Return verbatim the lines that run from the one holding "Check out ULA" to the end of the listing, both ends included, without the pictures.

+++++

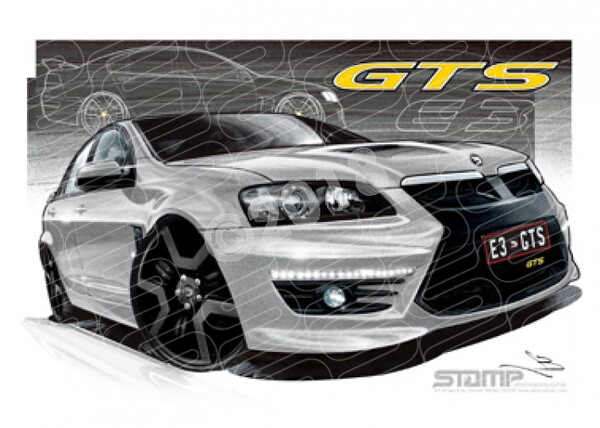 HSV Gts E3 E3 GTS NITRATE BLACK WHEELS YELLOW BADGE A3 FRAMED PRINT (V271)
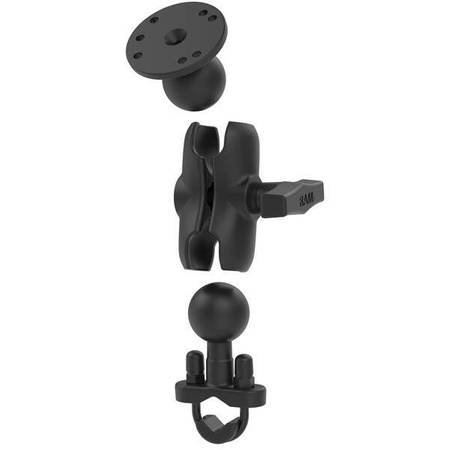Podwójne mocowanie kulowe RAM® Handlebar U-Bolt z okrągłą płytką - rozmiar C krótki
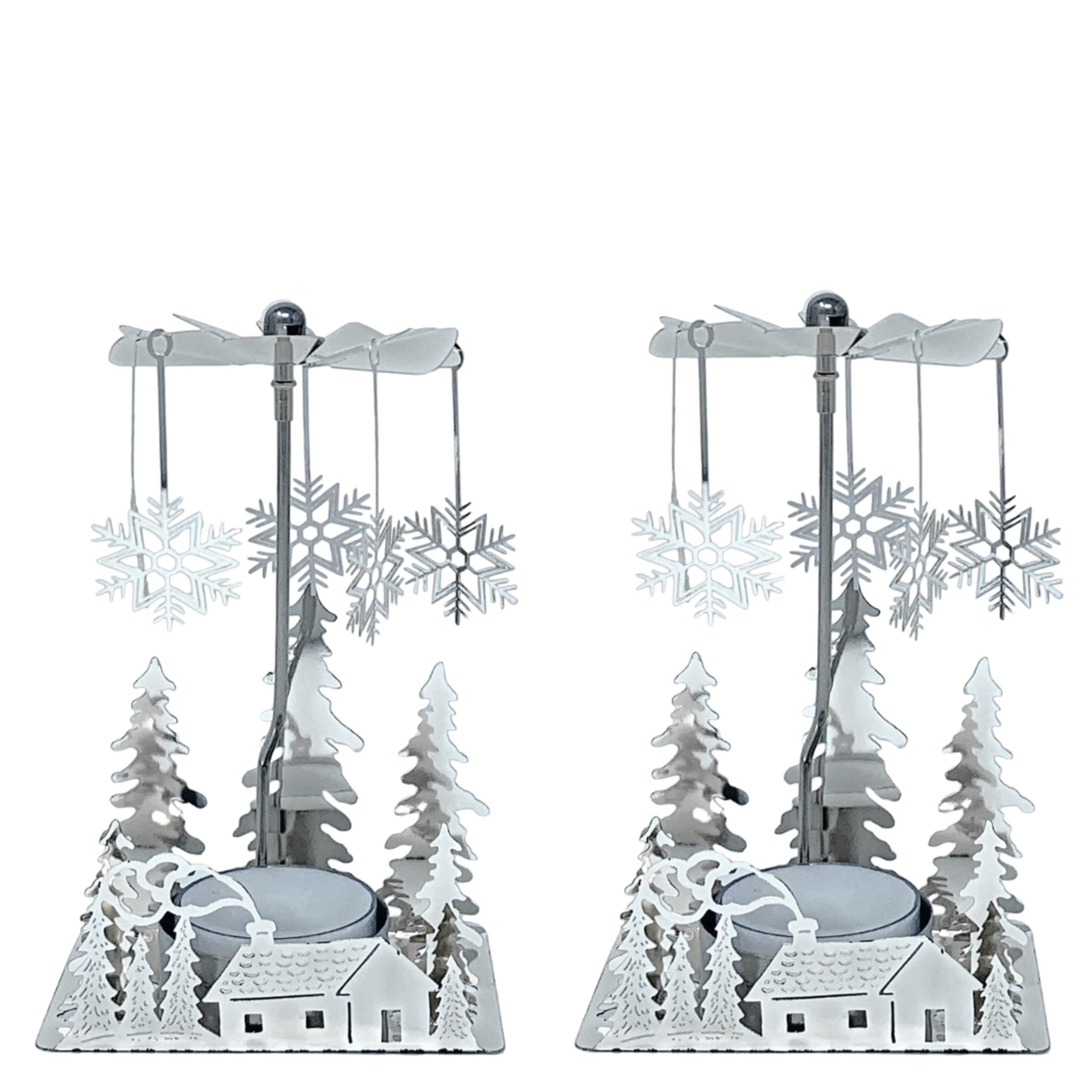 Winter Cabin Holiday Silver Candle Spinners - Silver Plated Laser Cut Winter Scene Cabin Trees Design with Snowflake Charms - Te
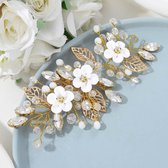 bruiloftshaarwijnstokken met bloemen en kristal, haarstuk voor bruid, bruidshaaraccessoires voor vrouwen en meisjes, bruiloft parel haarspelden parel bloem kristal strass haarspelden clips (Goud)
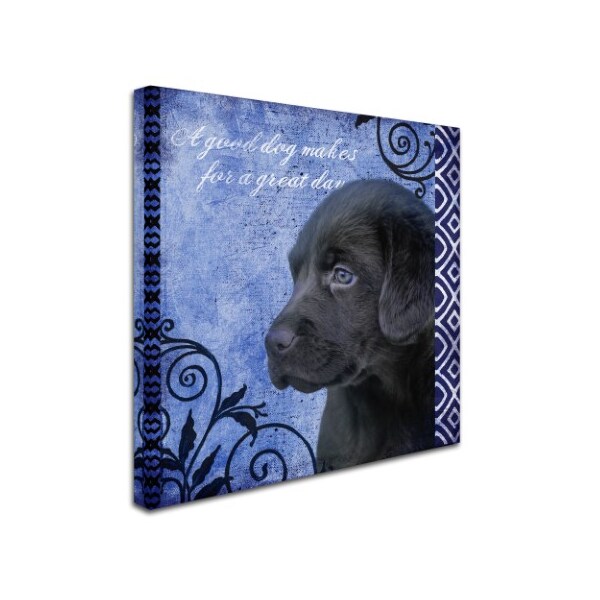 Jai Johnson 'Blue Pup Pattern' Canvas Art,35x35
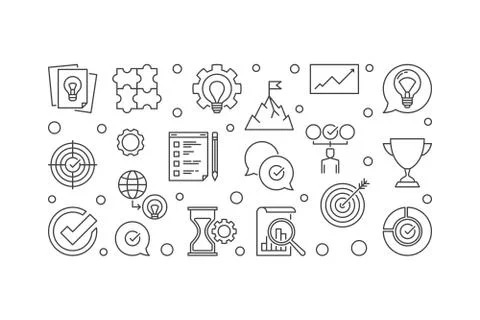 Vector Business Values horizontal outline illustration Illustrazione stock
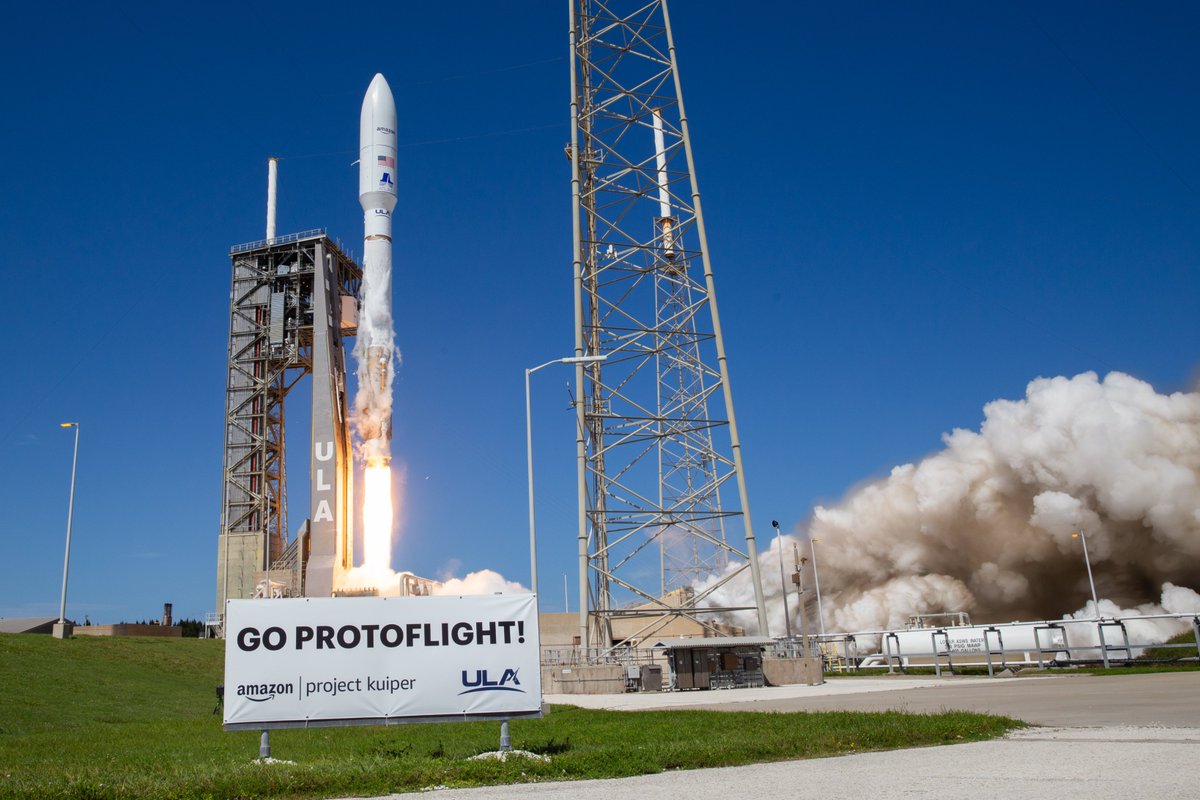 Check out ULA photos from yesterday’s liftoff of the #AtlasV 501 rocket with #Amazon’s #ProjectKuiper #Protoflight mission! 

📷: flic.kr/s/aHBqjAUnJy

Did you take a photo or video of launch? Let’s see them! ⬇️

+++++

■ **Response for this exercise**:
 Check out ULA photos from yesterday’s liftoff of the #AtlasV 501 rocket with #Amazon’s #ProjectKuiper #Protoflight mission! 

📷: flic.kr/s/aHBqjAUnJy

Did you take a photo or video of launch? Let’s see them! ⬇️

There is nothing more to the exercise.